初始化
模型定义,初始化。Model的__init__函数:
class Model(nn.Module):
r"""Spatial temporal graph convolutional networks.
Args:
in_channels (int): Number of channels in the input data
num_class (int): Number of classes for the classification task
graph_args (dict): The arguments for building the graph
edge_importance_weighting (bool): If ``True``, adds a learnable
importance weighting to the edges of the graph
**kwargs (optional): Other parameters for graph convolution units
Shape:
- Input: :math:`(N, in_channels, T_{in}, V_{in}, M_{in})`
- Output: :math:`(N, num_class)` where
:math:`N` is a batch size,
:math:`T_{in}` is a length of input sequence,
:math:`V_{in}` is the number of graph nodes,
:math:`M_{in}` is the number of instance in a frame.
"""
def __init__(self, in_channels, num_class, graph_args,
edge_importance_weighting, **kwargs):
super().__init__()
# load graph
self.graph = Graph(**graph_args)
A = torch.tensor(self.graph.A, dtype=torch.float32, requires_grad=False)
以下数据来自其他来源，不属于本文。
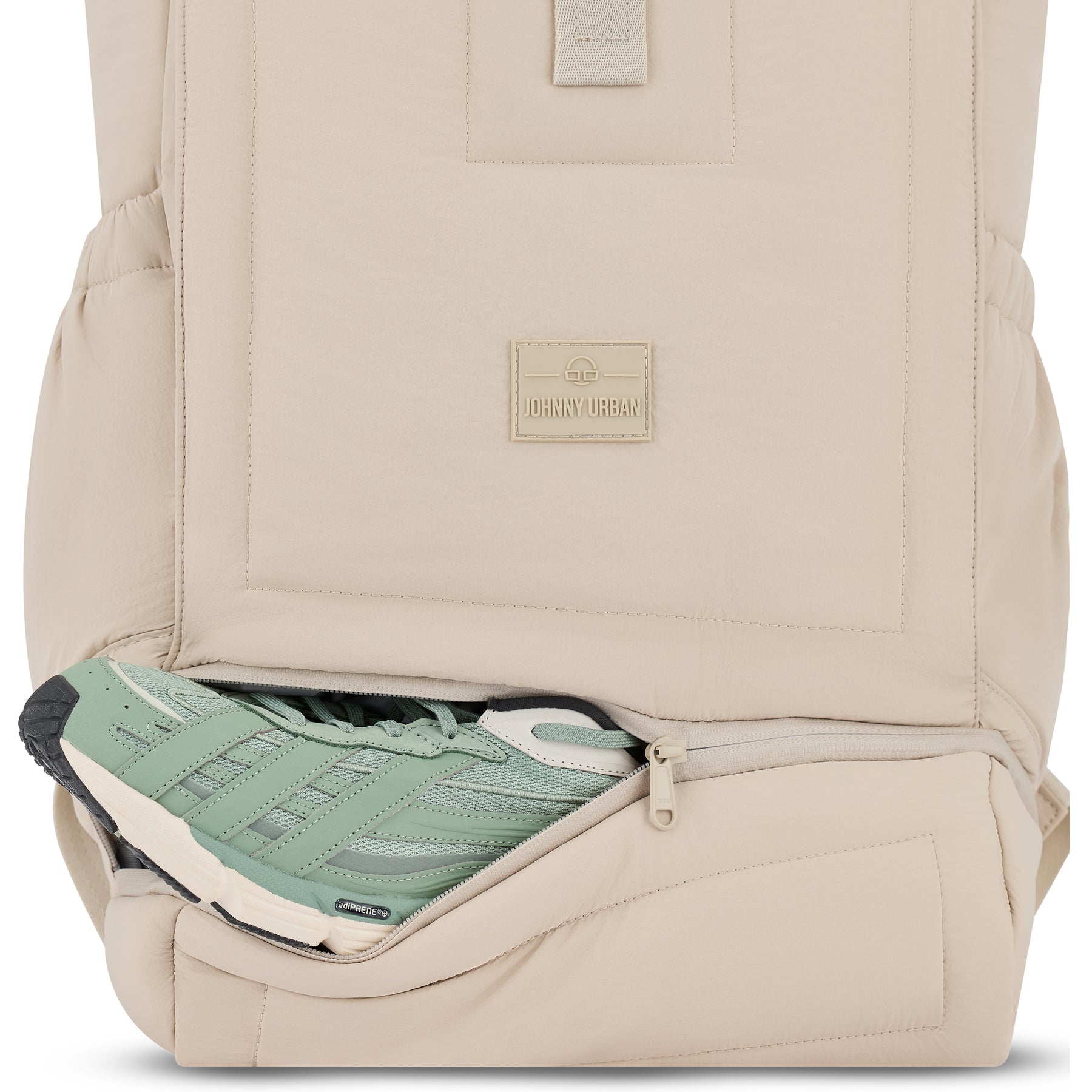 Sandfarbener Rolltop-Rucksack 'Kyle' von Johnny Urban mit geöffnetem Reißverschlussfach, darin grün-weißer Sportschuh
self.register_buffer('A', A)
# build networks
spatial_kernel_size = A.size(0)
temporal_kernel_size = 9
kernel_size = (temporal_kernel_size, spatial_kernel_size)
self.data_bn = nn.BatchNorm1d(in_channels * A.size(1))
kwargs0 = {k: v for k, v in kwargs.items() if k != 'dropout'}
self.st_gcn_networks = nn.ModuleList((
st_gcn(in_channels, 64, kernel_size, 1, residual=False, **kwargs0),
st_gcn(64, 64, kernel_size, 1, **kwargs),
st_gcn(64, 64, kernel_size, 1, **kwargs),
st_gcn(64, 64, kernel_size, 1, **kwargs),
st_gcn(64, 128, kernel_size, 2, **kwargs),
st_gcn(128, 128, kernel_size, 1, **kwargs),
st_gcn(128, 128, kernel_size, 1, **kwargs),
st_gcn(128, 256, kernel_size, 2, **kwargs),
st_gcn(256, 256, kernel_size, 1, **kwargs),
st_gcn(256, 256, kernel_size, 1, **kwargs),
))
# initialize parameters for edge importance weighting
if edge_importance_weighting:
self.edge_importance = nn.ParameterList([
nn.Parameter(torch.ones(self.A.size()))
for i in self.st_gcn_networks
])
else:
self.edge_importance = [1] * len(self.st_gcn_networks)
# fcn for prediction
self.fcn = nn.Conv2d(256, num_class, kernel_size=1)
首先是建立邻接矩阵A:
# load graph
self.graph = Graph(**graph_args)
A = torch.tensor(self.graph.A, dtype=torch.float32, requires_grad=False)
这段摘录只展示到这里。